What you return should be the lines from the one with "2015 GMC Yukon" through the one with "Gros plan sur" in the data below, reproduced exactly with both ends, and no pictures at all.

DATASET EXCERPT:
○ ○ ○ ○
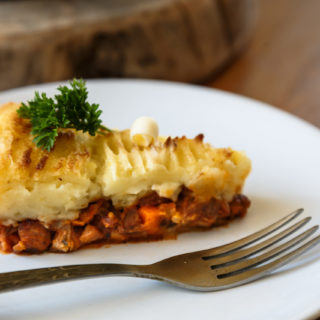 Baked Shepherds pie with minced meat on a plate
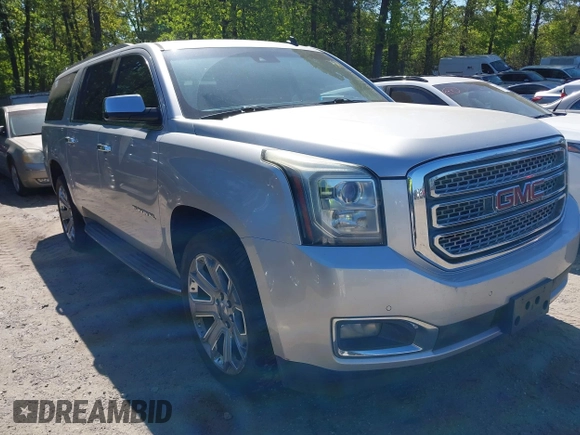 2015 GMC Yukon XL SLT with VIN 1GKS1HKC8FR221608, listed as a IAAI auction lot 42044318 with 215,757 mi miles. Bid and sale history available at carsss.com. Image 1.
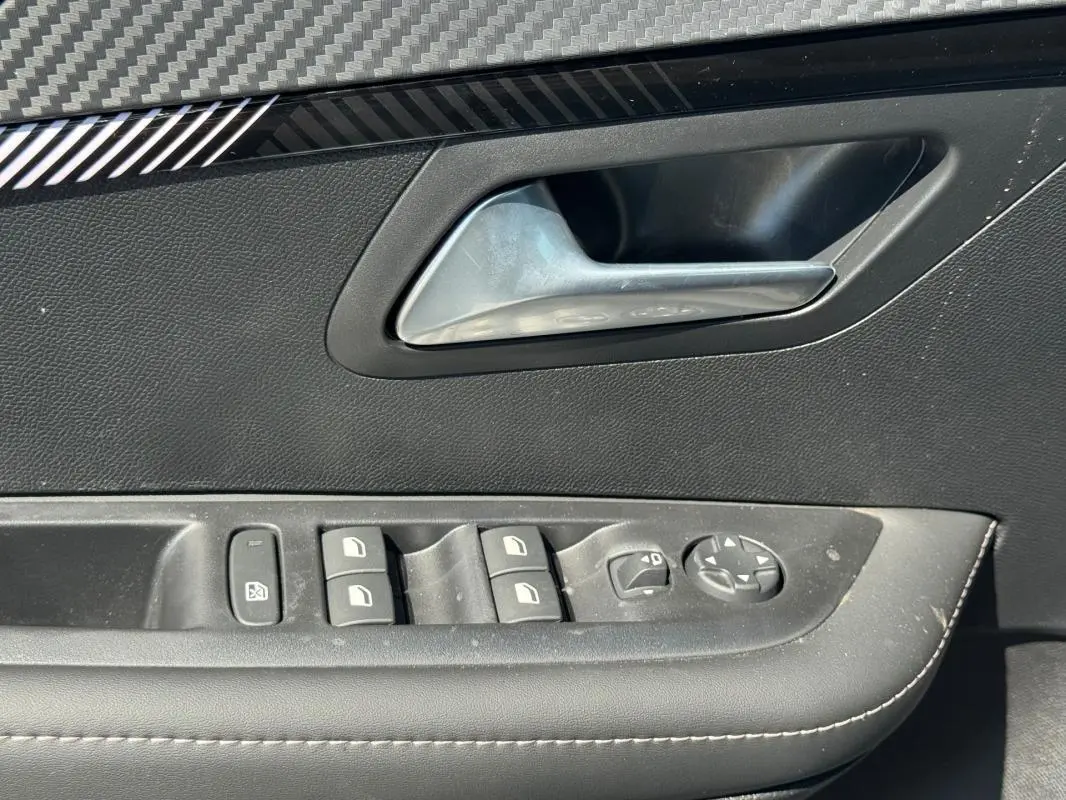 Gros plan sur la poignée intérieure et les commandes des vitres électriques côté conducteur d’une Peugeot 208 gris 2025.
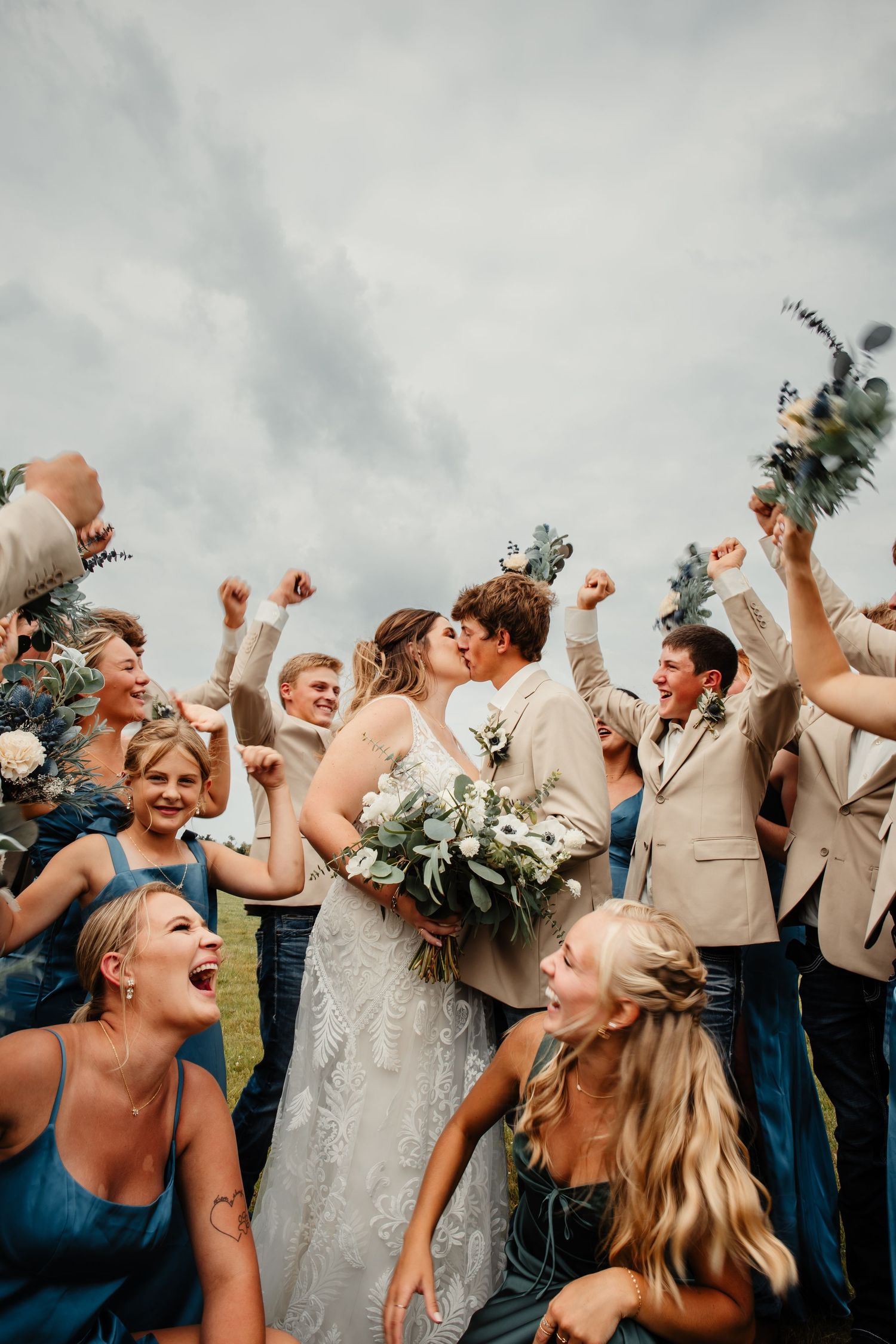 Northern MN Bride and Groom celebrate their wedding surrounded by Wedding Party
○ ○ ○ ○
FINISHED EXERCISE:
 2015 GMC Yukon XL SLT with VIN 1GKS1HKC8FR221608, listed as a IAAI auction lot 42044318 with 215,757 mi miles. Bid and sale history available at carsss.com. Image 1.
 Gros plan sur la poignée intérieure et les commandes des vitres électriques côté conducteur d’une Peugeot 208 gris 2025.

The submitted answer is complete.